Records supplied START
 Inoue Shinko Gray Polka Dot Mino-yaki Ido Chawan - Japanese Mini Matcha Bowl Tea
Records supplied END
Records supplied START
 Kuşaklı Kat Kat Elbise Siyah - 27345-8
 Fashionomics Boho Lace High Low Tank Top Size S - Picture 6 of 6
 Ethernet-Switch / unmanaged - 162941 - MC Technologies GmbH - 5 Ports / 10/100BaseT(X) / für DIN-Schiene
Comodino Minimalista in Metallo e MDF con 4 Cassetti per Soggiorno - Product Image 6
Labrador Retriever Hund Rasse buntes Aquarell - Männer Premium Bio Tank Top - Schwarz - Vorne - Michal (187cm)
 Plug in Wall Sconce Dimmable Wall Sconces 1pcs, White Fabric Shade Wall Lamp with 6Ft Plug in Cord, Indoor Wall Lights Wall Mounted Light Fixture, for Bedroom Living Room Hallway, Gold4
Records supplied END
The entries above hold the needed span. Transcribe exactly the lines from the one with "Fashionomics Boho Lace" to the one with "Plug in Wall", both included.

 Fashionomics Boho Lace High Low Tank Top Size S - Picture 6 of 6
 Ethernet-Switch / unmanaged - 162941 - MC Technologies GmbH - 5 Ports / 10/100BaseT(X) / für DIN-Schiene
Comodino Minimalista in Metallo e MDF con 4 Cassetti per Soggiorno - Product Image 6
Labrador Retriever Hund Rasse buntes Aquarell - Männer Premium Bio Tank Top - Schwarz - Vorne - Michal (187cm)
 Plug in Wall Sconce Dimmable Wall Sconces 1pcs, White Fabric Shade Wall Lamp with 6Ft Plug in Cord, Indoor Wall Lights Wall Mounted Light Fixture, for Bedroom Living Room Hallway, Gold4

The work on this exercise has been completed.